┌─ Input material

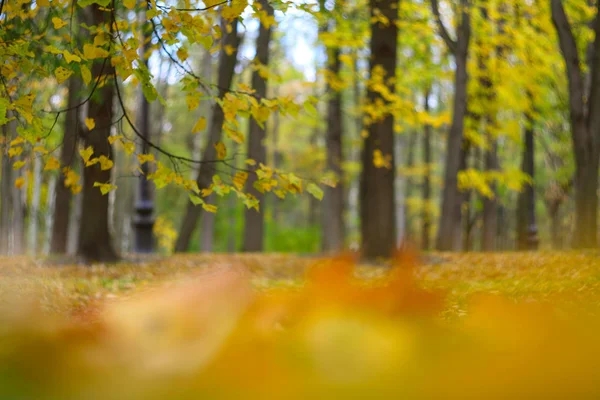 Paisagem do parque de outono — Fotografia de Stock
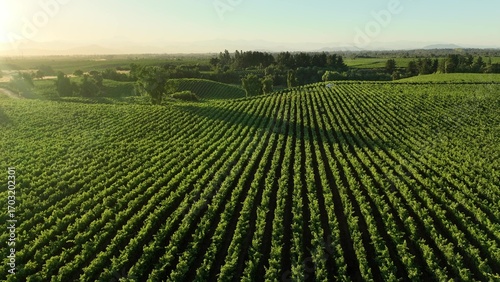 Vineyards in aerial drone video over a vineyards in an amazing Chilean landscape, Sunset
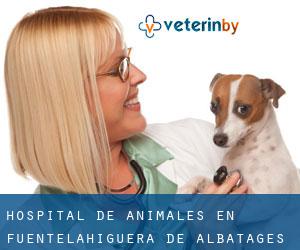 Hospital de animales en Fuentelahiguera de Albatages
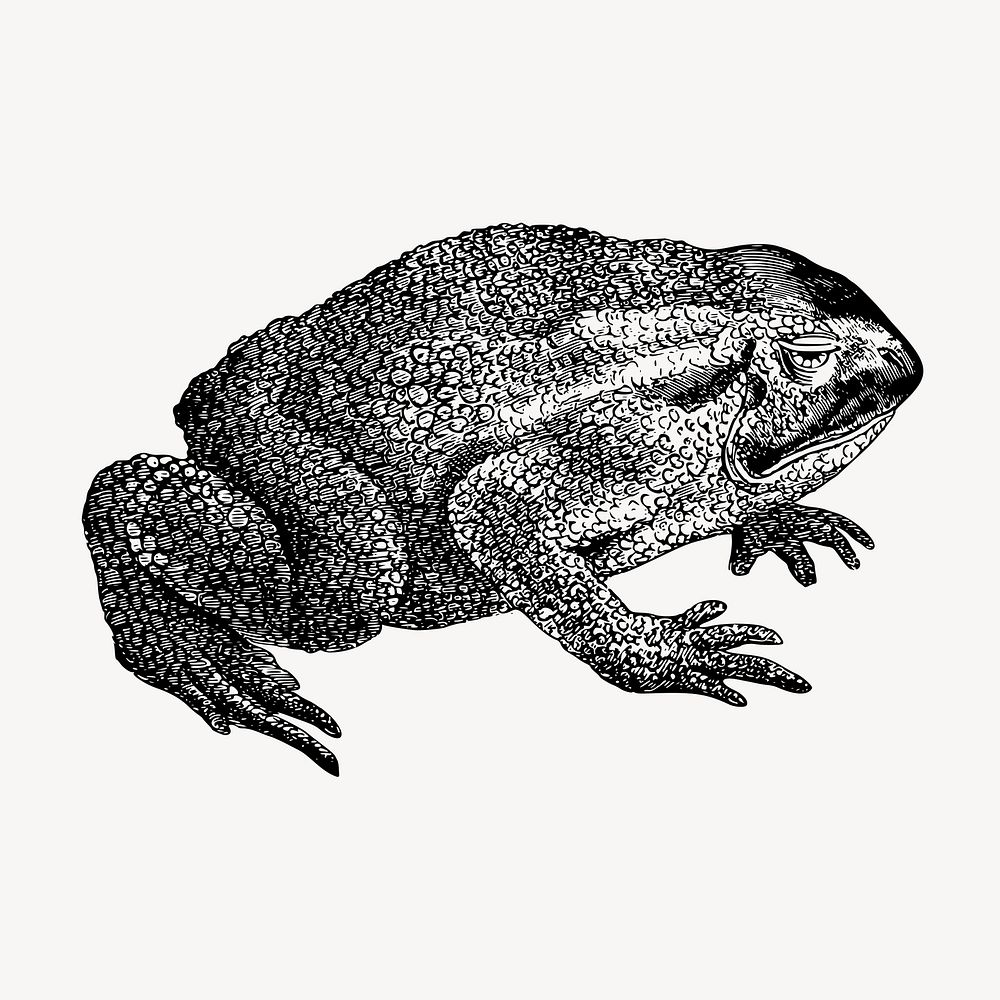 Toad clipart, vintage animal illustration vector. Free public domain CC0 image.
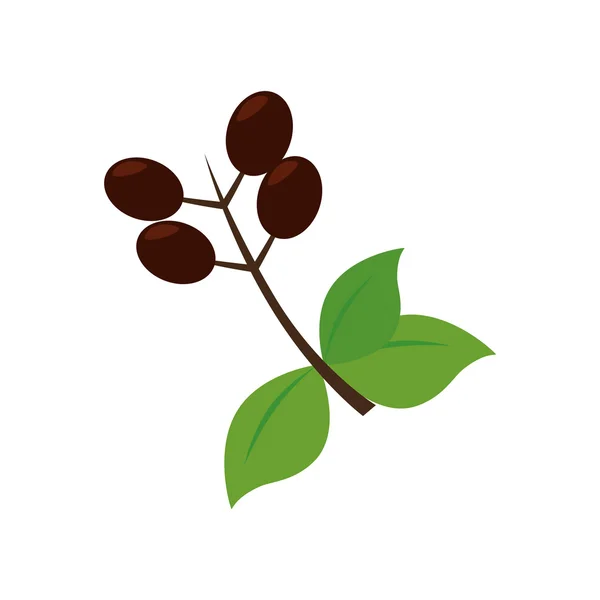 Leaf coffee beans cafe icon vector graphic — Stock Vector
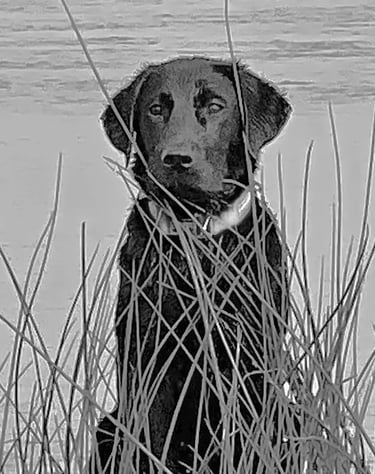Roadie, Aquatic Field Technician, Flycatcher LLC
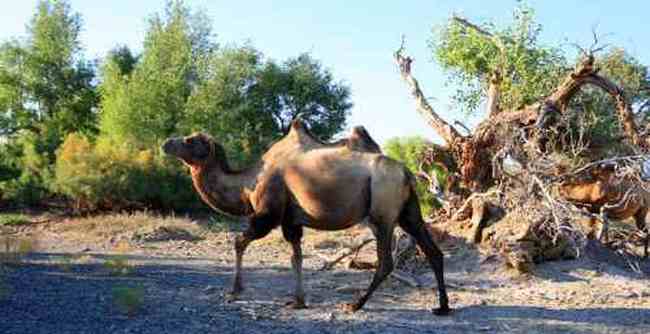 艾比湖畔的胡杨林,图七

└─

- _Task objective_:
Could you repeat all of the entries exactly, without the pictures?

- _Finished exercise_:
 Paisagem do parque de outono — Fotografia de Stock
 Vineyards in aerial drone video over a vineyards in an amazing Chilean landscape, Sunset
 Hospital de animales en Fuentelahiguera de Albatages
 Toad clipart, vintage animal illustration vector. Free public domain CC0 image.
 Leaf coffee beans cafe icon vector graphic — Stock Vector
Roadie, Aquatic Field Technician, Flycatcher LLC
 艾比湖畔的胡杨林,图七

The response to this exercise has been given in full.